● Activity
Leave out the pictures and retype exactly the lines from the one with "Used 2021 RAM" through the end of the records.

● Data to process

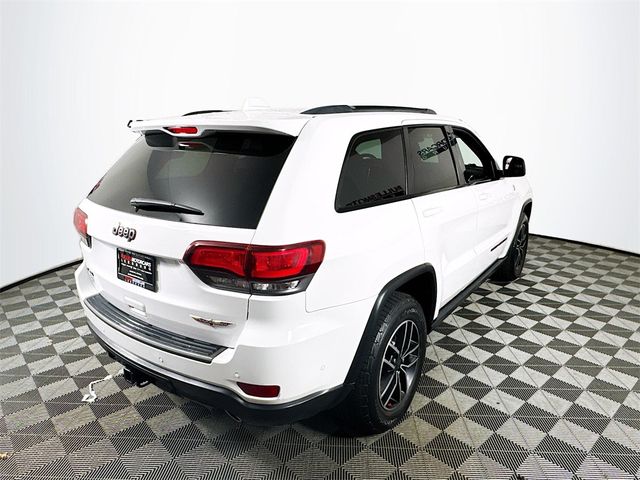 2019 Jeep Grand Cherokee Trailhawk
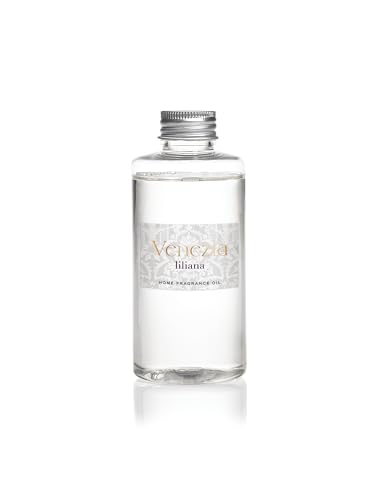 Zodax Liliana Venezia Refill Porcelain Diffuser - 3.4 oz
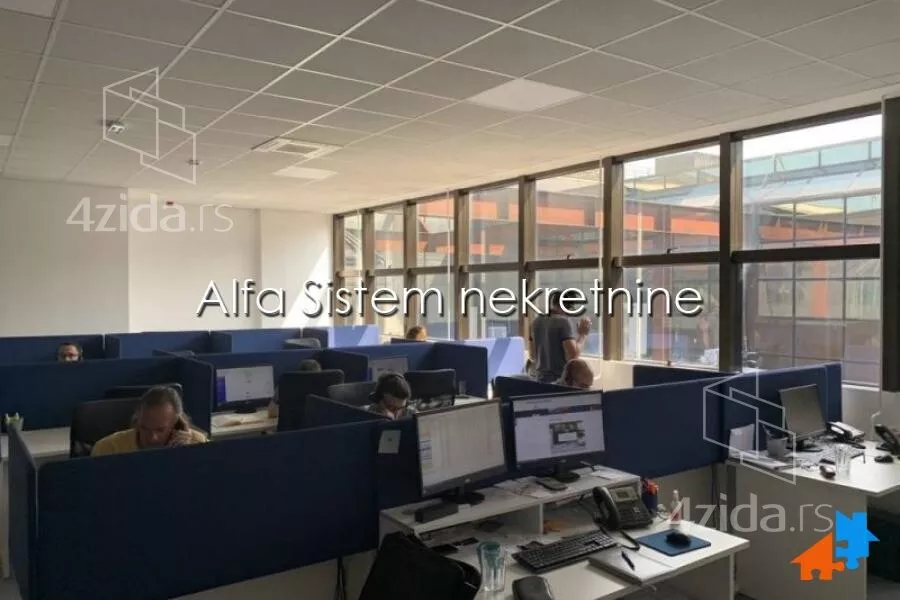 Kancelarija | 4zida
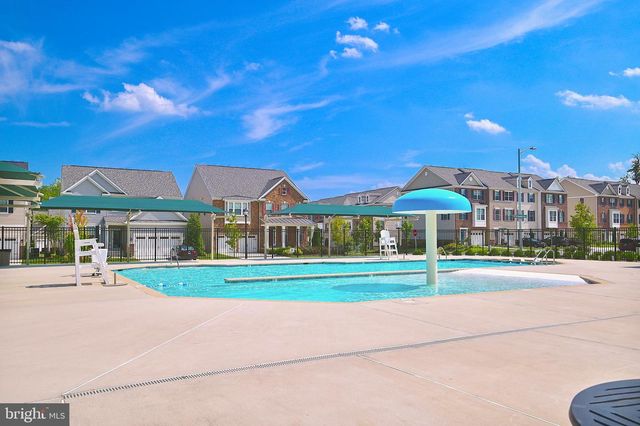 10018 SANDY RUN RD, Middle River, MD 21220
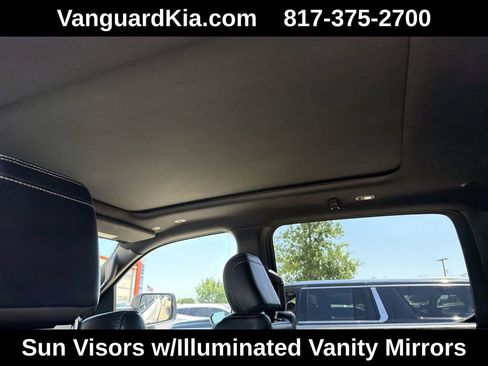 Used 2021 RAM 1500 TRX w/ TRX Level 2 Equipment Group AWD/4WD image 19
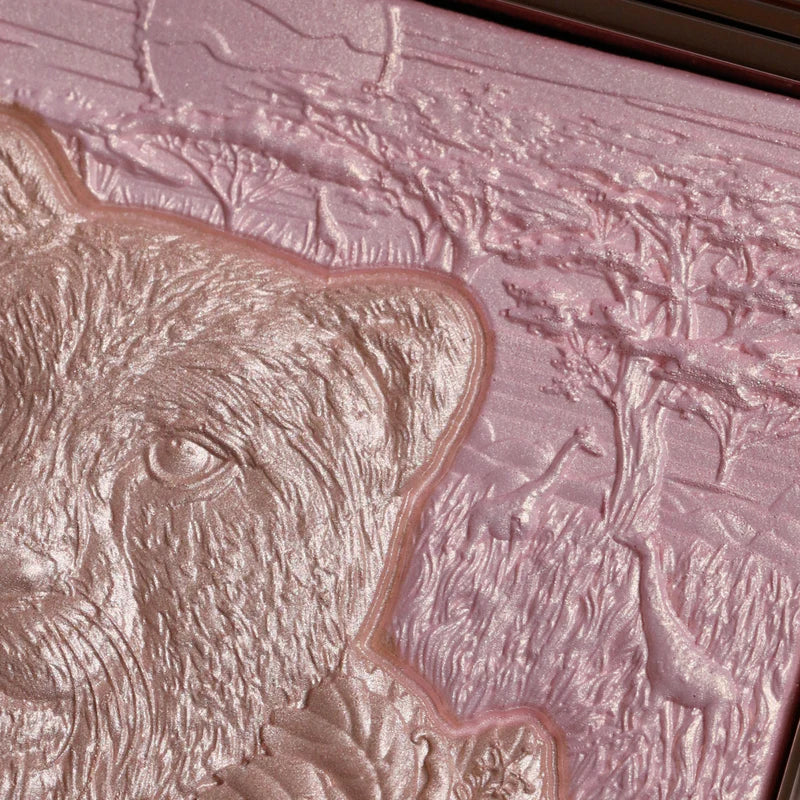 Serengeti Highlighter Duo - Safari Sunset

● Exercise output
 Used 2021 RAM 1500 TRX w/ TRX Level 2 Equipment Group AWD/4WD image 19
 Serengeti Highlighter Duo - Safari Sunset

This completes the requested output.